Forum Moderators: DixonJones

Message Too Old, No Replies

Is this Alexa bot?

A robot coming from Alexa networks with strange UA string?

         

vdoyl

10:13 pm on Aug 18, 2005 (gmt 0)

10+ Year Member



Hi,

I've recently noticed the following in my logs:
======
Host: 209.237.238.18
Http Code: 200 Date: Aug 18 13:44:28 Http Version: HTTP/1.0 Size in Bytes: 114570
Referer: -
Agent: \xe0\x0e\xc9\x11\b\xa5i\x12\x10
======

Does anyone know what this UA string means, it looks that it is using some kind of encoding?

The IP address resolves to the Alexa network, but why they are using such strange UA string?
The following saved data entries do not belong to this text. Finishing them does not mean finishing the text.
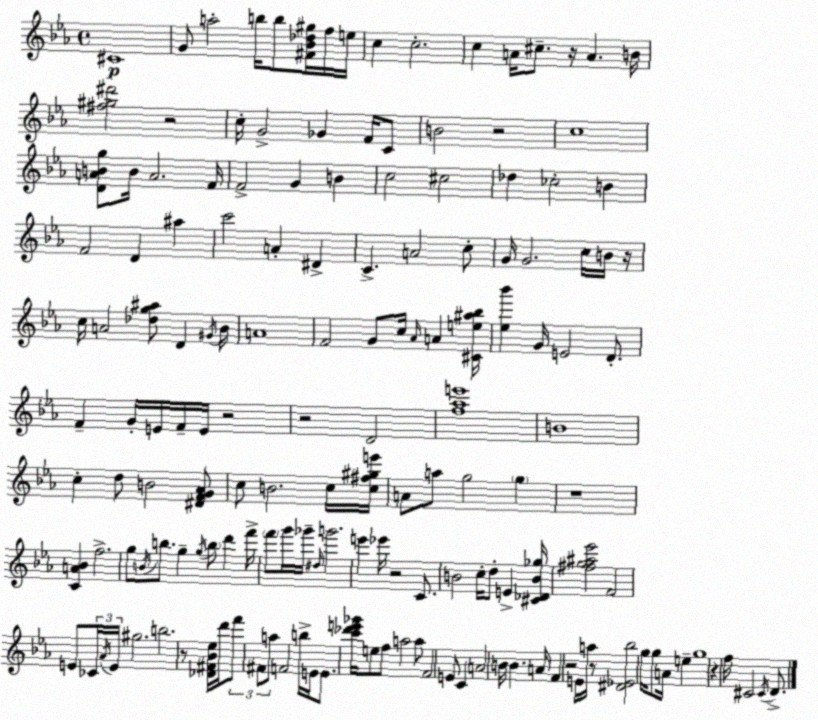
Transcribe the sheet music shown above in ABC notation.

X:1
T:Untitled
M:4/4
L:1/4
K:Cm
^C4 G/2 a2 b/4 b/2 [^F_B_d^g]/4 f/4 e/4 c c2 c A/4 ^c/2 z/4 A B/4 [^f^g^d']2 z2 c/4 G2 _G F/4 C/2 B2 z2 c4 [DABg]/2 B/4 A2 F/4 F2 G B c2 ^c2 _d _c2 B F2 D ^a c'2 A ^D C A2 c/2 G/4 G2 c/4 B/4 z/4 c/4 A2 [_dg^a]/2 D ^G/4 _B/4 A4 F2 G/2 c/4 _A/4 A [^Ce^a_b]/4 [_e_b'] G/4 E2 D/2 F G/4 E/4 F/4 E/4 z2 z2 D2 [f_ae']4 B4 c d/2 B2 [^DFG_A]/2 c/2 B2 c/4 [c^f^ge']/4 A/2 a/2 g2 g z4 [CA_B] f2 g/2 B/4 b/2 g g/4 b/2 d' f'/4 f'/2 g'/4 _g'/4 ^d/4 g'2 e' _e'/4 z2 C/2 B2 c/4 d/2 E [^C_DB_g]/4 [^fg^a_e']2 F2 E/2 _C/4 _A/4 E/4 ^g2 b2 z/2 [_D^F_B_e]/4 d'/4 f'/2 ^F/2 a/2 F2 b/4 E/4 E/2 [c'_d'e'_g']/4 e/2 f/2 a2 a/2 F2 E/2 C A2 B/4 B A/4 F z2 E/4 a/4 z/2 [^D_E_b]2 g/4 g/2 A/4 e g4 z f/4 ^C2 ^C/4 D/2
Furthermore, the UA changes for each bot, even for subsequent requests from one and the same bot for example:
Host: 209.237.238.178

Agent: \x10\x10*\x12`i\x06\r(\x12
....
Agent: \x90\x94\xf9¦\x88\xaf(\x83\x10

Thank you!

Dijkgraaf

11:22 pm on Aug 18, 2005 (gmt 0)

WebmasterWorld Senior Member 10+ Year Member



Yes, I noticed this one as well.
Sometimes is also has a blank User Agent or just a single character.
Usually the UA I get from that IP address range is ia_archiver.
Another difference is that it is fetching pages with paramters which the ia_archiver never did.
Where it is getting those URL's from is a bit of a mystery though, as so far as I know it hasn't spidered the pages leading to those pages.

victor

6:31 am on Aug 19, 2005 (gmt 0)

WebmasterWorld Senior Member 10+ Year Member



It started a few days ago on one of my sites. Symptons as dscribed by you.
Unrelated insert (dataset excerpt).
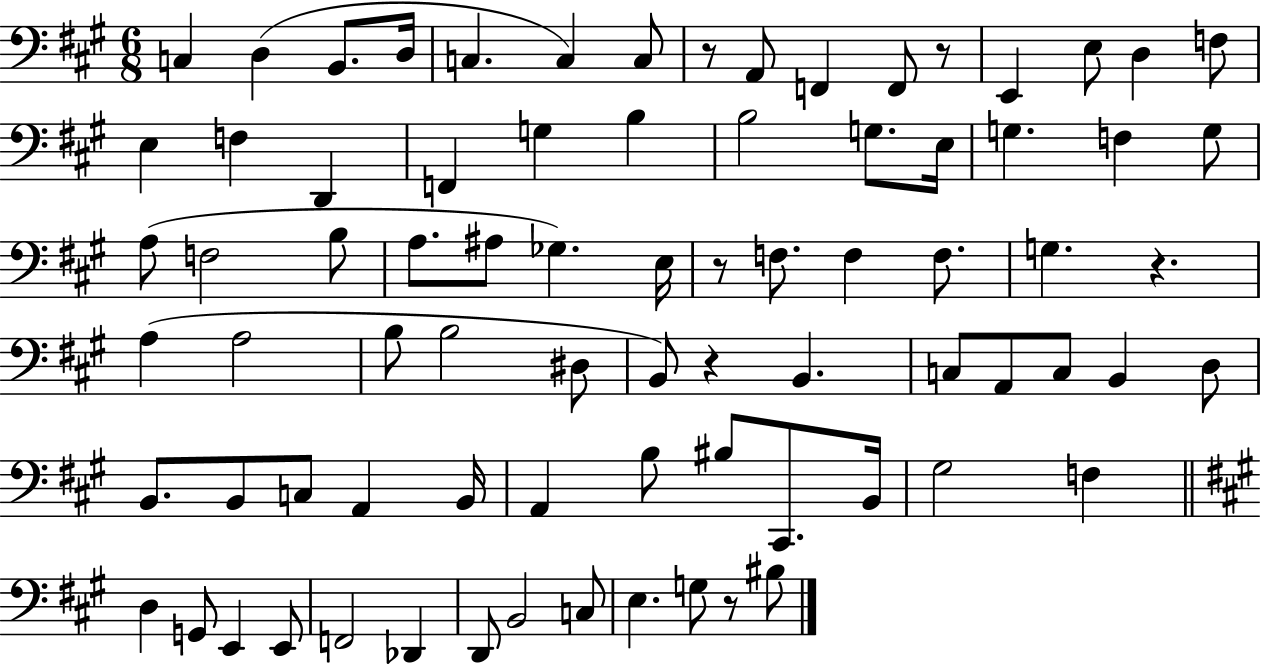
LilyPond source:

It seems pointless behavior of the part of Alexa. Crying out for a little mod to ban any bot with unprintable characters in their name.

dcrombie

9:26 am on Aug 19, 2005 (gmt 0)



I've seen a lot of those user agents from 209.237.238.17* (Alexa). Thought it might be Unicode characters, but now it's looking like it might be machine (shell) code.
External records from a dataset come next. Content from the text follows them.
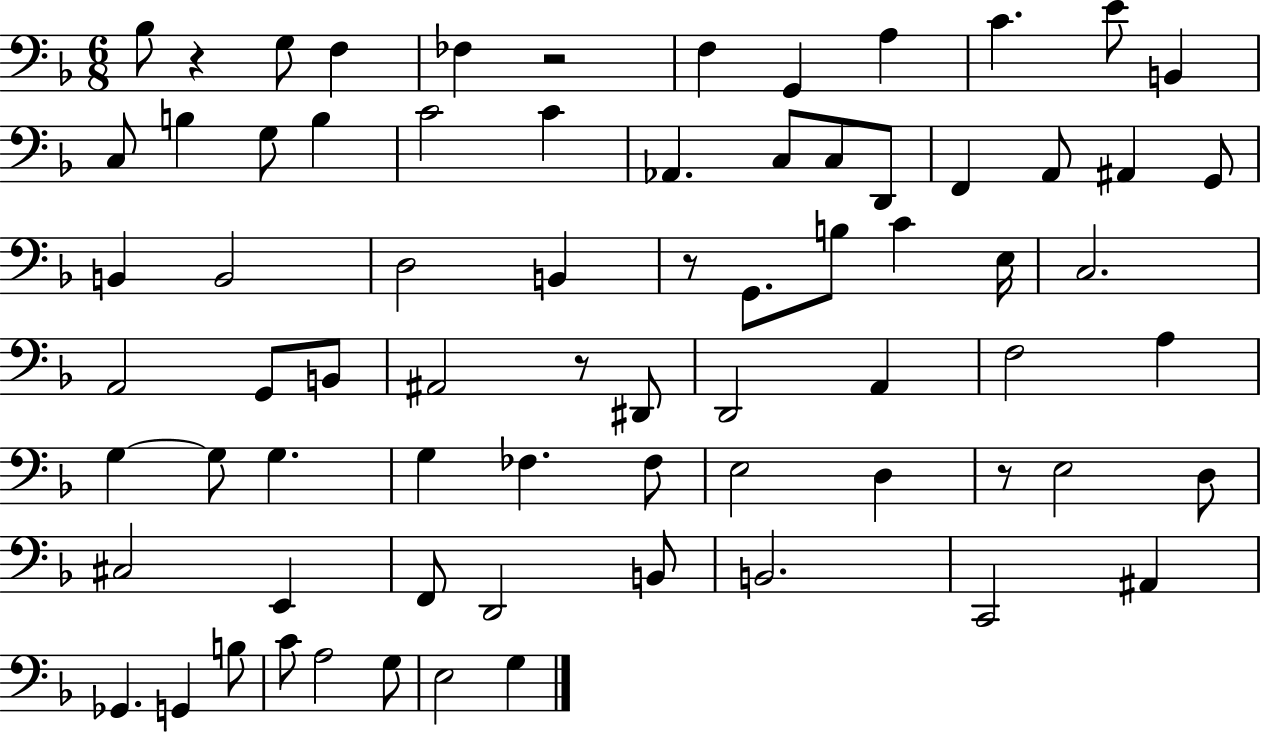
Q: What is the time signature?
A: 6/8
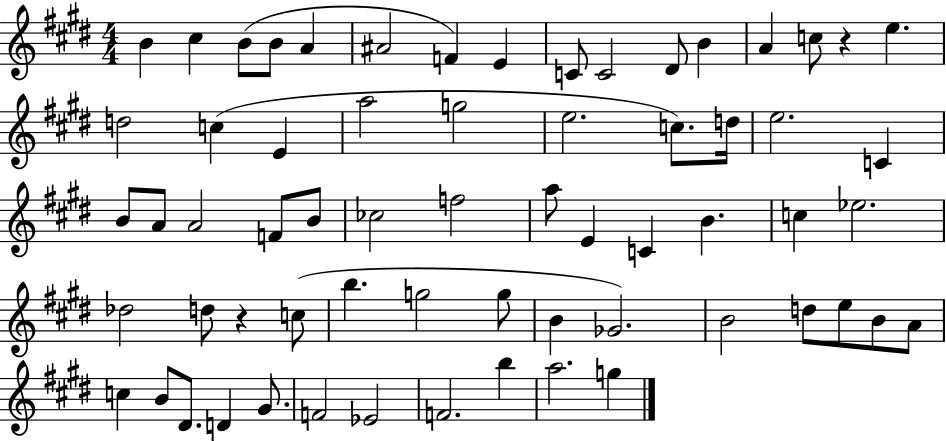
B4/q C#5/q B4/e B4/e A4/q A#4/h F4/q E4/q C4/e C4/h D#4/e B4/q A4/q C5/e R/q E5/q. D5/h C5/q E4/q A5/h G5/h E5/h. C5/e. D5/s E5/h. C4/q B4/e A4/e A4/h F4/e B4/e CES5/h F5/h A5/e E4/q C4/q B4/q. C5/q Eb5/h. Db5/h D5/e R/q C5/e B5/q. G5/h G5/e B4/q Gb4/h. B4/h D5/e E5/e B4/e A4/e C5/q B4/e D#4/e. D4/q G#4/e. F4/h Eb4/h F4/h. B5/q A5/h. G5/q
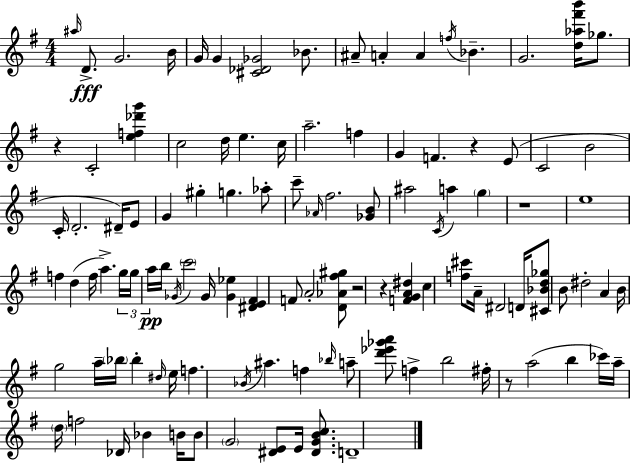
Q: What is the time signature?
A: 4/4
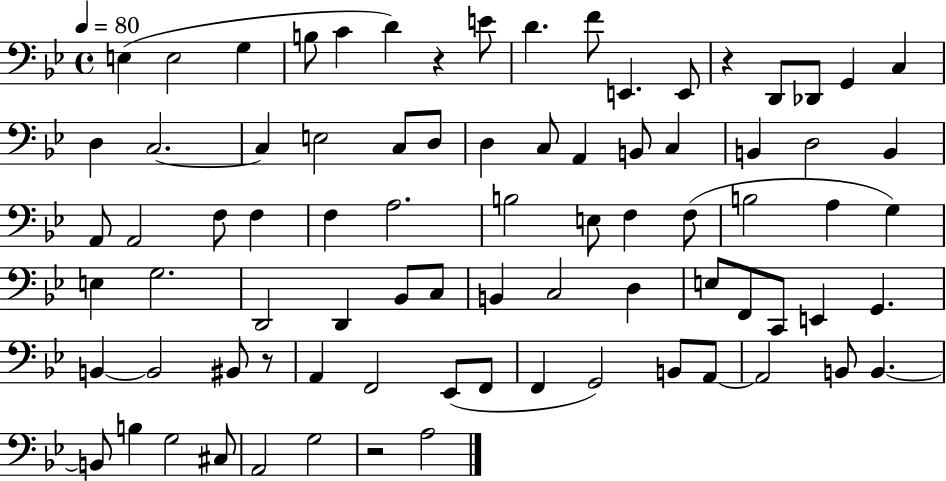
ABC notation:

X:1
T:Untitled
M:4/4
L:1/4
K:Bb
E, E,2 G, B,/2 C D z E/2 D F/2 E,, E,,/2 z D,,/2 _D,,/2 G,, C, D, C,2 C, E,2 C,/2 D,/2 D, C,/2 A,, B,,/2 C, B,, D,2 B,, A,,/2 A,,2 F,/2 F, F, A,2 B,2 E,/2 F, F,/2 B,2 A, G, E, G,2 D,,2 D,, _B,,/2 C,/2 B,, C,2 D, E,/2 F,,/2 C,,/2 E,, G,, B,, B,,2 ^B,,/2 z/2 A,, F,,2 _E,,/2 F,,/2 F,, G,,2 B,,/2 A,,/2 A,,2 B,,/2 B,, B,,/2 B, G,2 ^C,/2 A,,2 G,2 z2 A,2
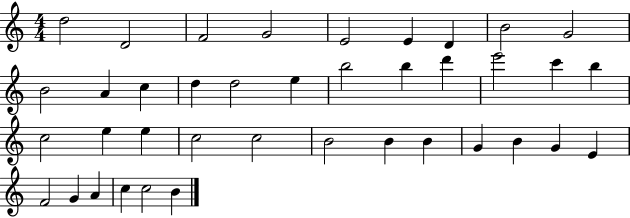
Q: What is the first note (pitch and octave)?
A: D5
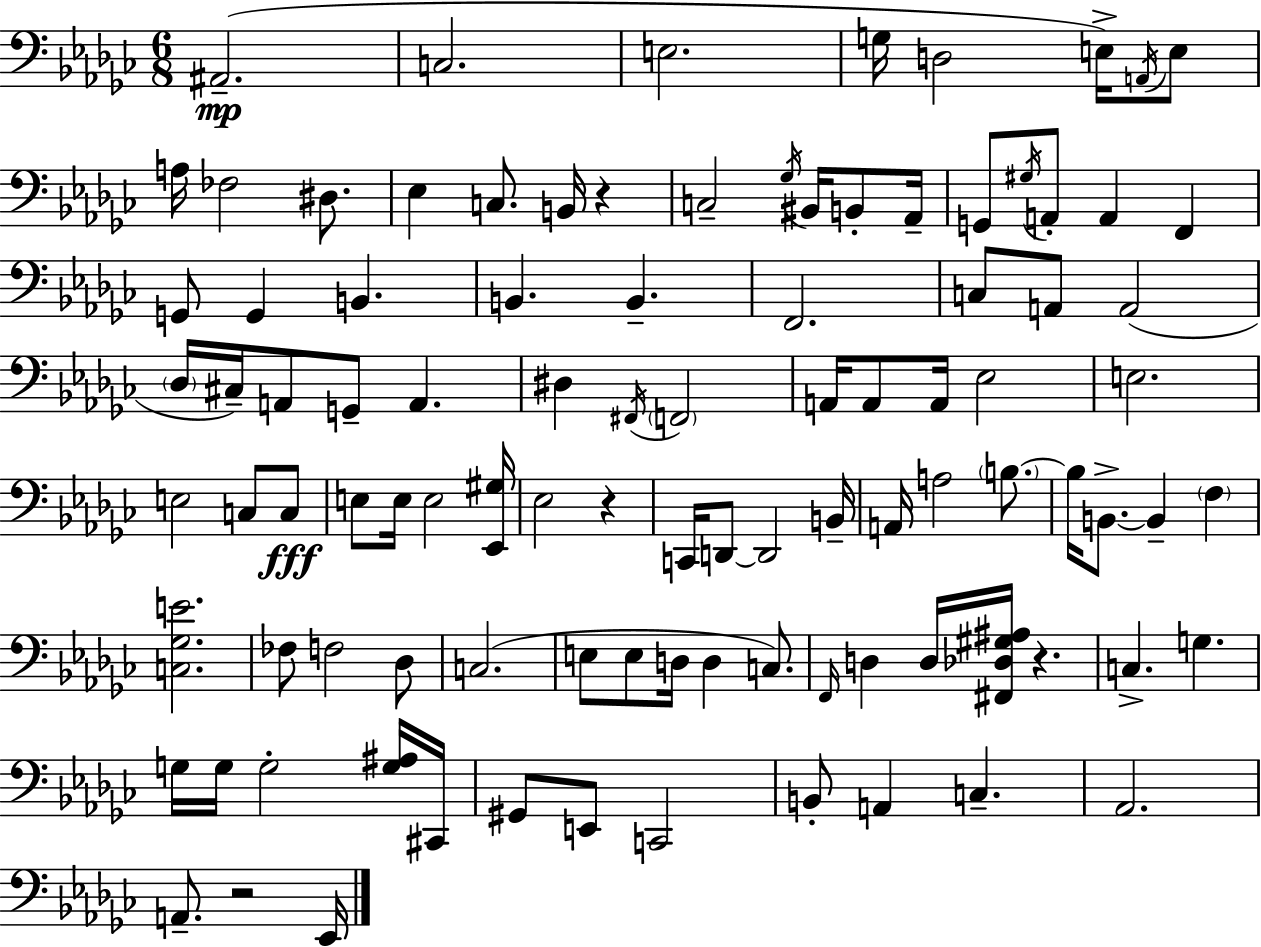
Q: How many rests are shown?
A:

Here's some samples from today:

8\x03\xdd}P\xfd\x0c\x88\x10 
@\x9e\xea\x88\xd8\xce$~\x10
P\xb1\x94\x99 \xac\xc5\x9a\x10
XP\x0e\x9a0AK\x9b\x10
\x10\x13\xb9\x9a8G\xe2\x9a\x10
\x18*[\x8dp\r\x1d\x8f\x10
\x80\xe7\x8b}`Q\r{\x10
\x88\xefx}\x80\xb8\xa2\x9d\x10
\xa0\xbd\xd5\x98t
\xa8\\N\x99P\xb1\x94\x99\x10
\xc0\xbc\xc8sXq\xaf\x8f\x10
\xc83\xcd~\xd0\xa3\x1a\x9a\x10
\xc8\x06\x9d\x8eH\xa35\x8e\x10
\xc8ed\x8fx\xbd\xc2\x8e\x10
\xd8\x1e\x18\x88\x80\xf6\t\x87\x10
\xec@\x8cp\r\x1d\x8f\x10
`L\xfe\x9aP\xdaTy\x10
h9\x13\x80h\xc4v~\x10
p\x82\xa1\x7f\xa0\xf9\xd5~\x10
p\xd8\x10\x9a\x88\xefx}\x10
po\xf9\x9a0\xe17\x9b\x10
x\xbd\xc2\x8e8\x90e\x8e\x10
x\xd2r}t

Anyone...?

Dijkgraaf

12:31 am on Aug 22, 2005 (gmt 0)

WebmasterWorld Senior Member 10+ Year Member



Looks like they might have fixed the issue now, as it the lastest entries from that IP range now have ia_archiver as the User Agent again.